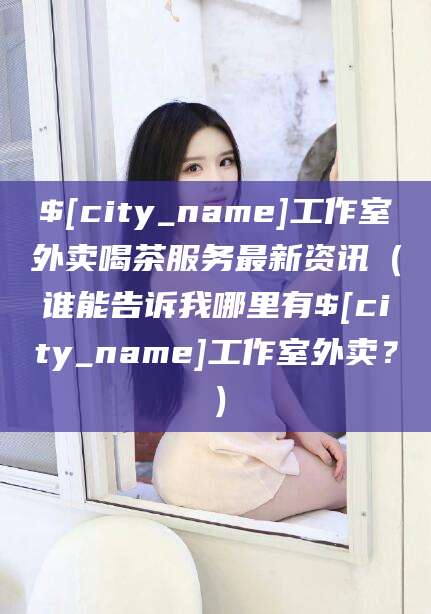 大悟工作室外卖喝茶服务最新资讯（谁能告诉我哪里有大悟工作室外卖？）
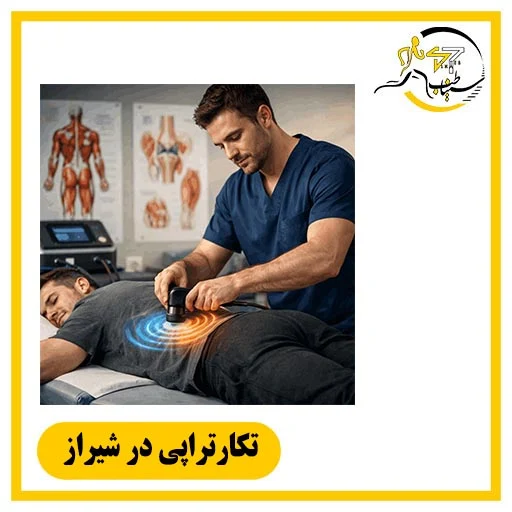 تکارتراپی در شیراز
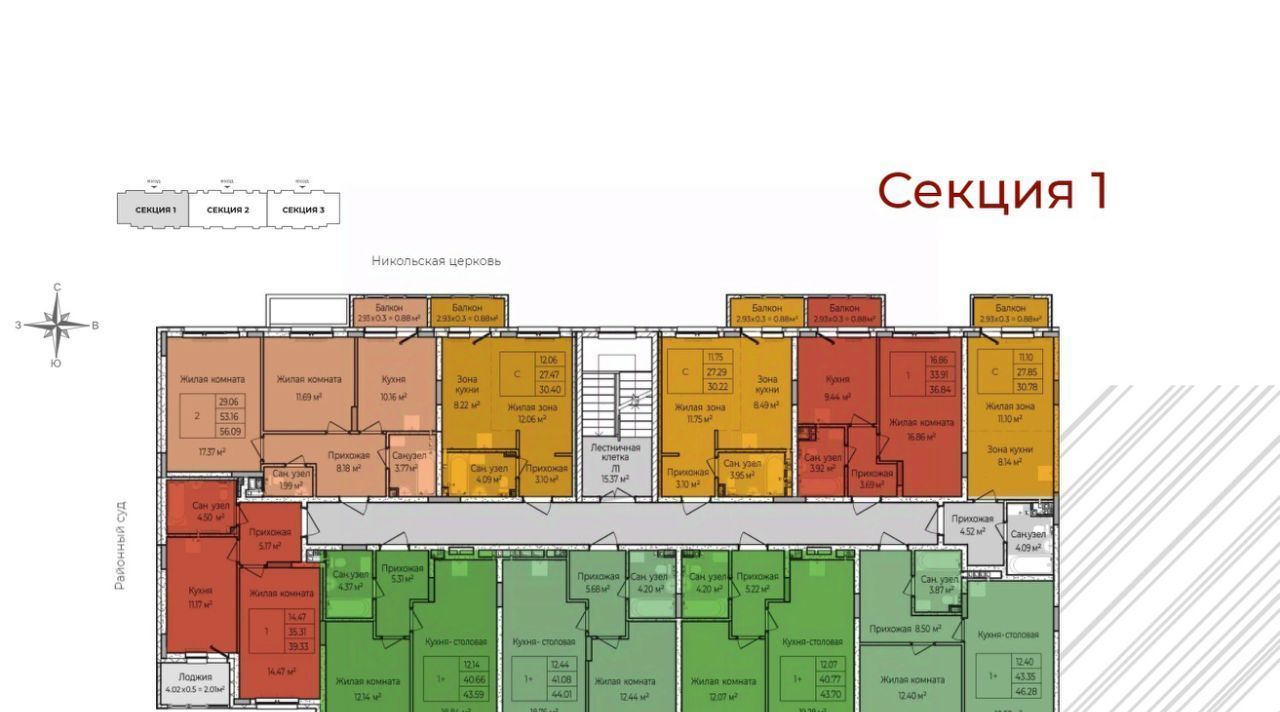 квартира р-н Завьяловский с Завьялово ул Чкалова 3 фото 6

What is expected -> All lines of the material above should be returned unchanged, but no pictures should be included.

Result ->
 大悟工作室外卖喝茶服务最新资讯（谁能告诉我哪里有大悟工作室外卖？）
 تکارتراپی در شیراز
 квартира р-н Завьяловский с Завьялово ул Чкалова 3 фото 6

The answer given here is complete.